Kız Kulesi ve Galata Kulesi’nin dillere destan aşkı

Ah be “İstanbul” sen değil misin bir boğaz uğruna koca şehri ayıran,

Kim bilir ne sevdaların ahı var üzerinde ki kavuşmuyor iki yakan!”

İstanbul, tarihi geçmişi içinde yüzlerce, hatta binlerce aşk hikâyesine şahitlik etmiştir. Şehrin en öne çıkan iki yapısı Kız Kulesi ve Galata Kulesi’nin de aşk hikâyesi dillerden dillere dolaşmaktadır.

Kız Kulesi’nin uzun tarihi, bir sürü âşık çiftin yıllarca oturup, Salacak Sahili’nden Kız Kulesi’ni izlemesine neden olmuş. Kız Kulesi de aşıkları izledikçe zamanla kendi yalnızlığını hissetmeye başlamış.

Bir gün karşısında Galata Kulesi yükselmeye başlamış, tüm büyüleyici duruşuyla. O an Kız Kulesi ve Galata Kulesi tüm İstanbul huzurunda birbirlerine âşık olmuşlar. Lakin araya giren koskoca İstanbul Boğazı, imkânsızlaştırmış aşklarını. İmkânsız aşk karşısında günden güne eriyip soluyormuş Kız Kulesi. Galata Kulesi ise Kız Kulesi’ni böyle gördükçe kahroluyormuş ve duygularını duyurabilmek amacıyla mektuplar, şiirler yazıyormuş.
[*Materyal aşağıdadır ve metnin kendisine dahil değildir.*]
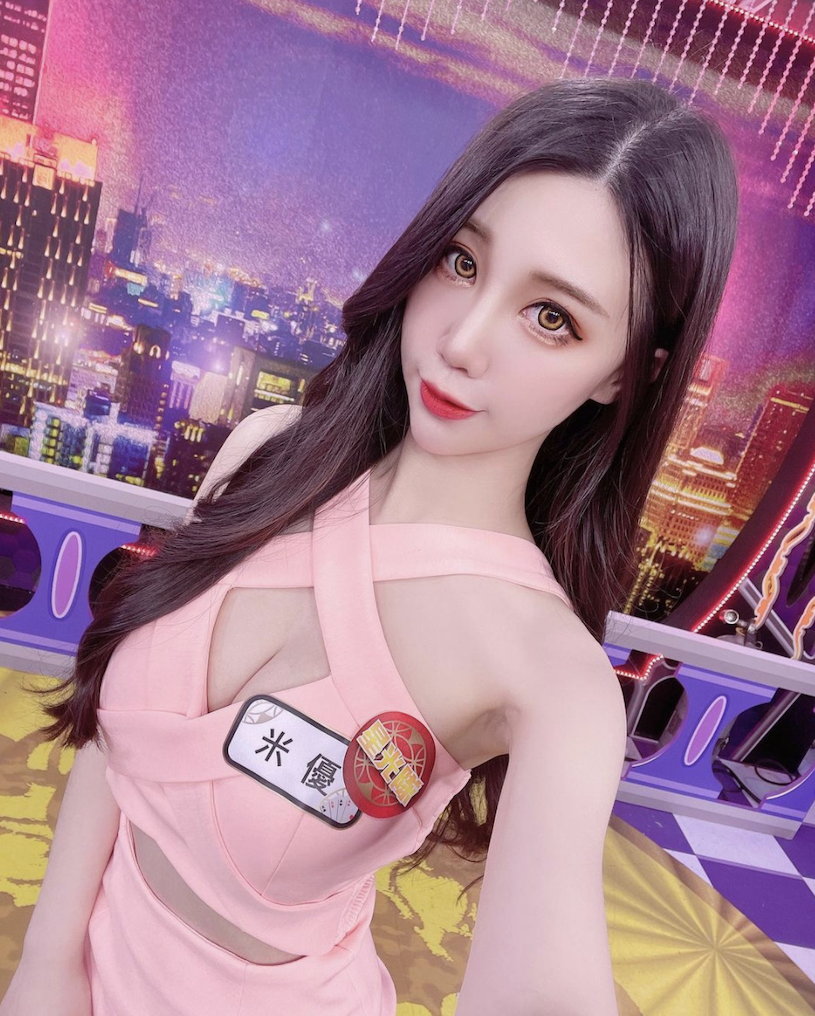 卤味摊「超正女店员」迷人视角引疯传！超完美身材让人陶醉啊！-小湿妹图(14)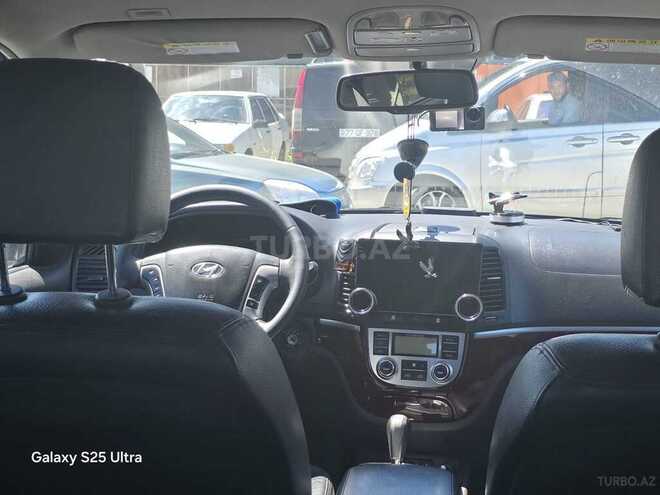 Hyundai Santa Fe 2011, 360,000 km - 2.0 л - Quba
Tarihte bir gün, Ahmet Çelebi çıkıvermiş Galata Kulesi’nin tepesine. Amacı oradan Üsküdar’a uçmakmış. Galata Kulesi, Ahmet Çelebi’ye uçmadan önce tüm aşkını dile getirmiş ve yazdığı mektupları vermiş. Hezarfen Çelebi dayanamamış bu aşkın çaresizliğine, almış mektupları ve atlamış Galata Kulesi’nden. Rüzgar o kadar kuvvetliymiş ki mektuplar dağılmış Boğaz’ın dört bir yanına. Yine de Kız Kulesi anlamış, Galata Kulesi’nin ona ne kadar âşık olduğunu ve martılarla birlikte şarkılar söyleyerek dile getirmiş aşkını. İmkânsız olan aşk, artık karşılığını bir şekilde gördüğü için iki kulede parlamış İstanbul’da günden güne.